Below are records with pictures. Reproduce exactly the lines from the line with "Avery Labels With" to the line with "Spartan Spirit Fearless Warrior Coaster", inclusive, and leave each picture out.

(Data records)
----
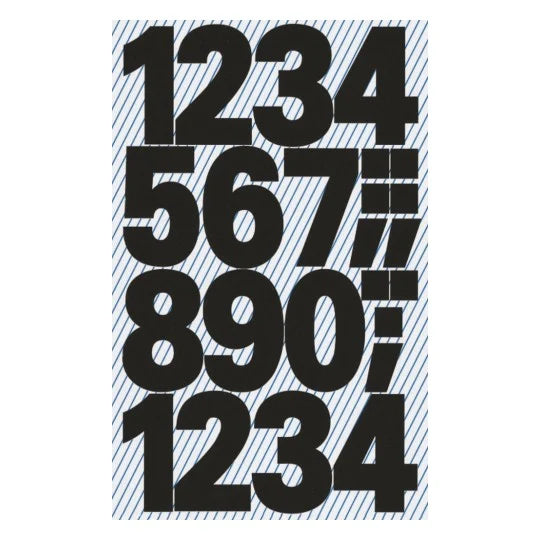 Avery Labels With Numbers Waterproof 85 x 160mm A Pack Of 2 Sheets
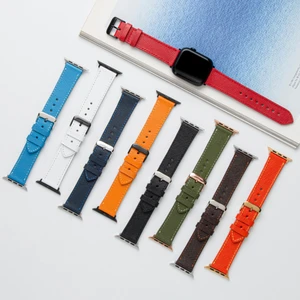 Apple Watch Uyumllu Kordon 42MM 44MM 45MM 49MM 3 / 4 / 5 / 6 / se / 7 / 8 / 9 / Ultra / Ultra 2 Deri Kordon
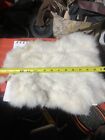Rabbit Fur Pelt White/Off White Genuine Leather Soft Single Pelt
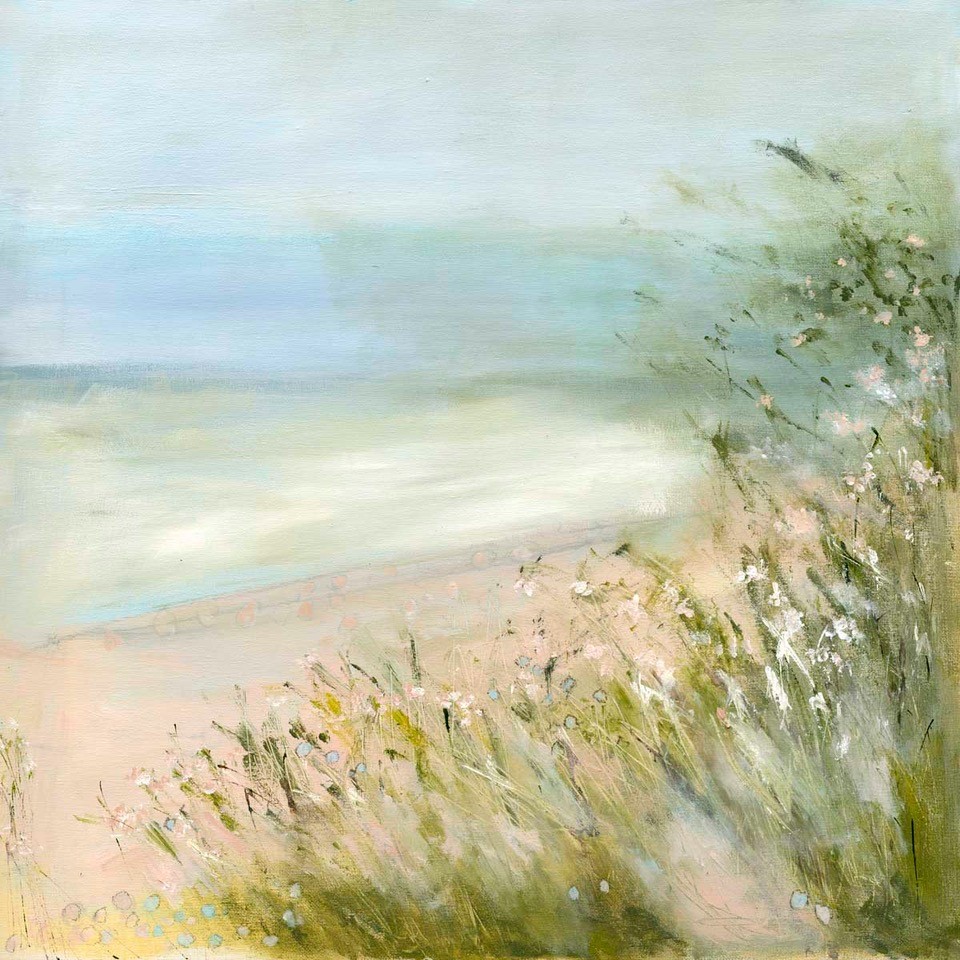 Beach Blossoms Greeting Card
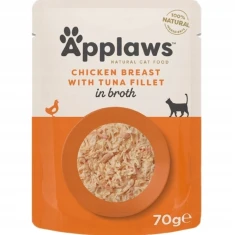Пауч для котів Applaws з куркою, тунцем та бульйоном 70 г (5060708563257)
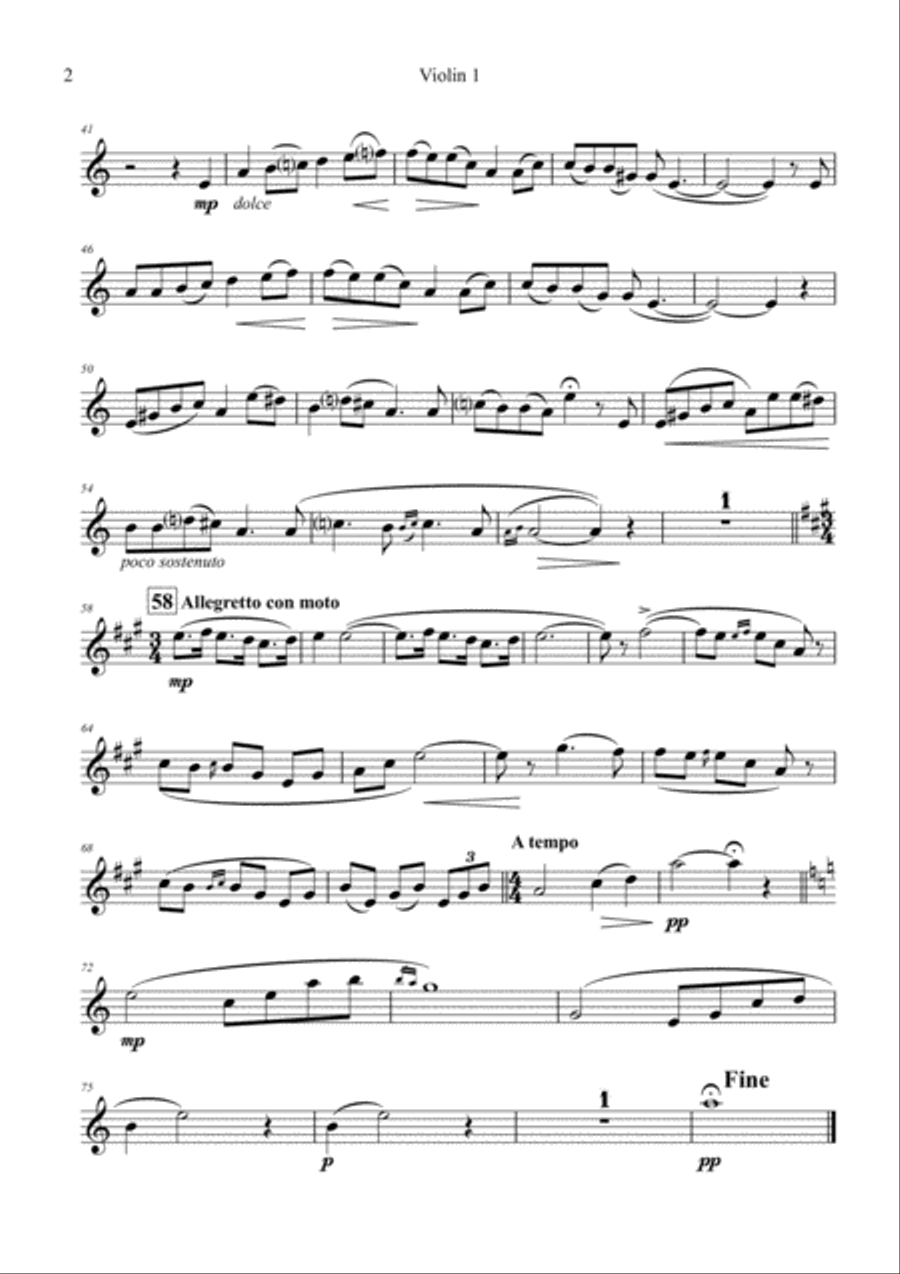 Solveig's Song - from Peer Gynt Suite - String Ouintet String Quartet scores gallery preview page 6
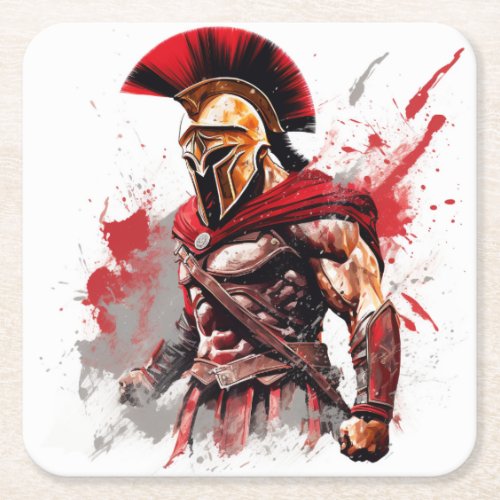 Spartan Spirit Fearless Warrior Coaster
----
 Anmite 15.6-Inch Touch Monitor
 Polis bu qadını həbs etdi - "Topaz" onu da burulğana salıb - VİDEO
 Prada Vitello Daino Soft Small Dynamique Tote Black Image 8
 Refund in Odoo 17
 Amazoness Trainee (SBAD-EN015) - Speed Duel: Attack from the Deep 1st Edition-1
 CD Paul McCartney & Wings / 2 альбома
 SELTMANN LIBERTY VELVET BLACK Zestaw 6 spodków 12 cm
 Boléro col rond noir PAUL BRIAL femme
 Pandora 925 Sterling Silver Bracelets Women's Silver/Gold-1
----
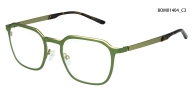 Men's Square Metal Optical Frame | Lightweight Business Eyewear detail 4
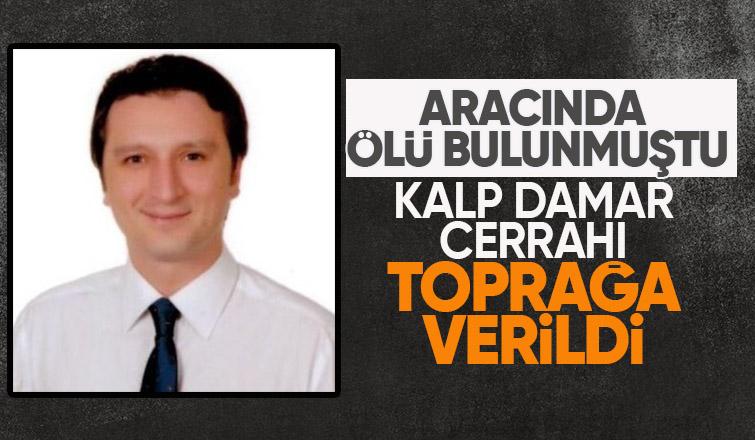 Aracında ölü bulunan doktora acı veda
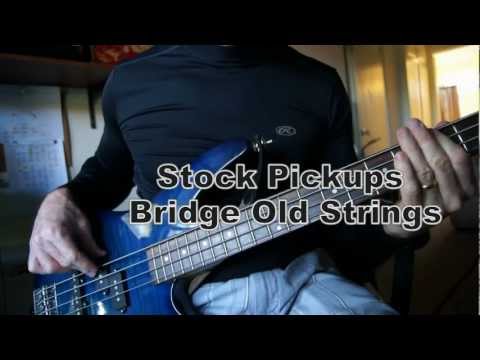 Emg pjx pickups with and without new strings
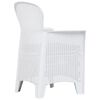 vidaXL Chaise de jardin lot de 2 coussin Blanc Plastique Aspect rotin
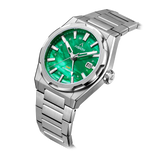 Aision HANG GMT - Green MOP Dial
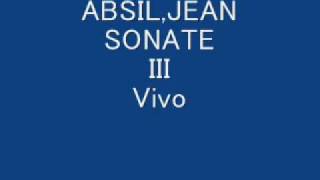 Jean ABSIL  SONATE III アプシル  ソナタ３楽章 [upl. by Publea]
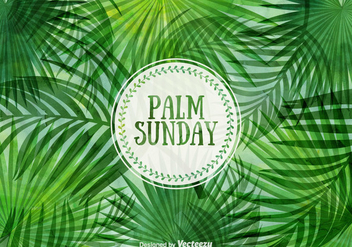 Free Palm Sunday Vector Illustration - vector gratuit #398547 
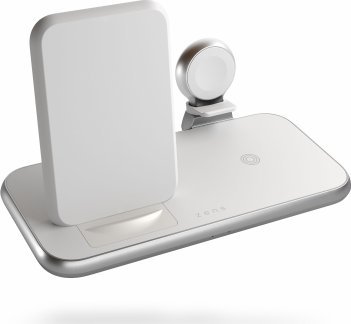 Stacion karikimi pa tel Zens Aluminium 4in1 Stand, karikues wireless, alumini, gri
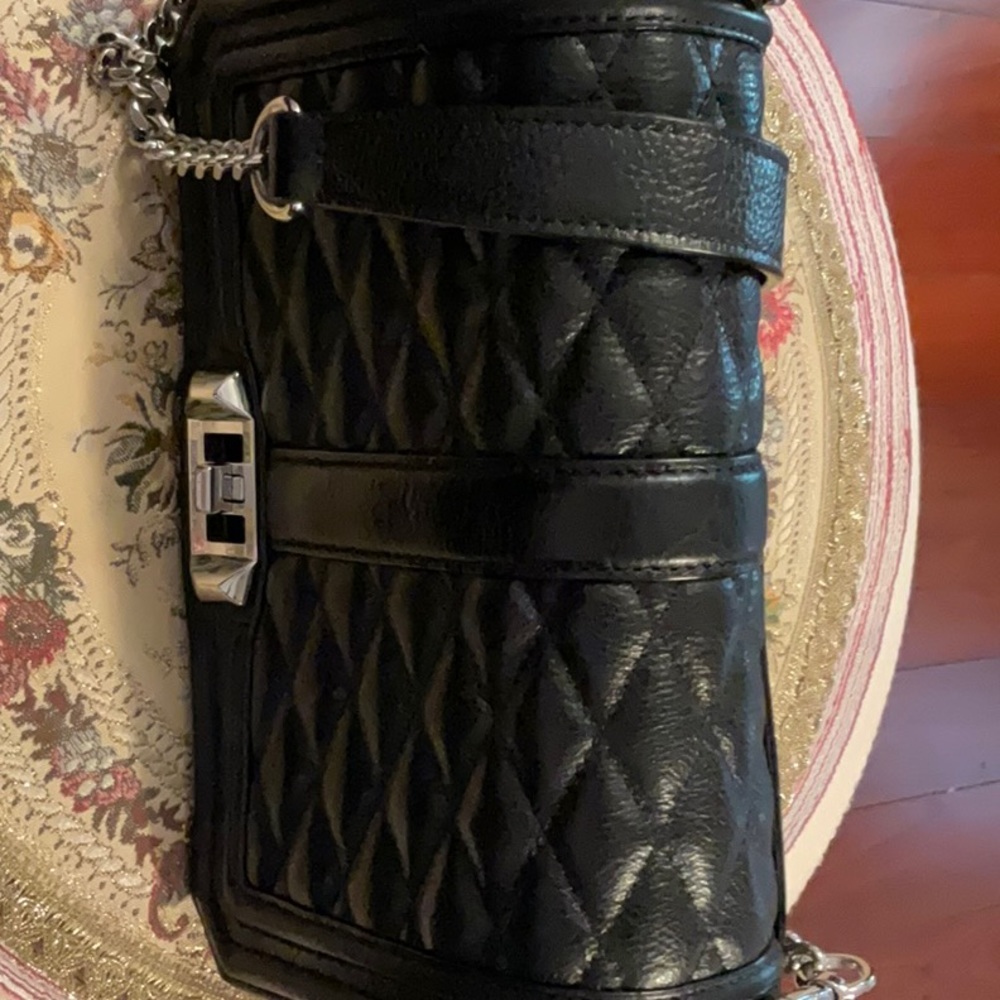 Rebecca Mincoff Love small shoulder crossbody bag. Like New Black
----
EXERCISE ANSWER:
 Avery Labels With Numbers Waterproof 85 x 160mm A Pack Of 2 Sheets
 Apple Watch Uyumllu Kordon 42MM 44MM 45MM 49MM 3 / 4 / 5 / 6 / se / 7 / 8 / 9 / Ultra / Ultra 2 Deri Kordon
Rabbit Fur Pelt White/Off White Genuine Leather Soft Single Pelt
 Beach Blossoms Greeting Card
Пауч для котів Applaws з куркою, тунцем та бульйоном 70 г (5060708563257)
 Solveig's Song - from Peer Gynt Suite - String Ouintet String Quartet scores gallery preview page 6
 Spartan Spirit Fearless Warrior Coaster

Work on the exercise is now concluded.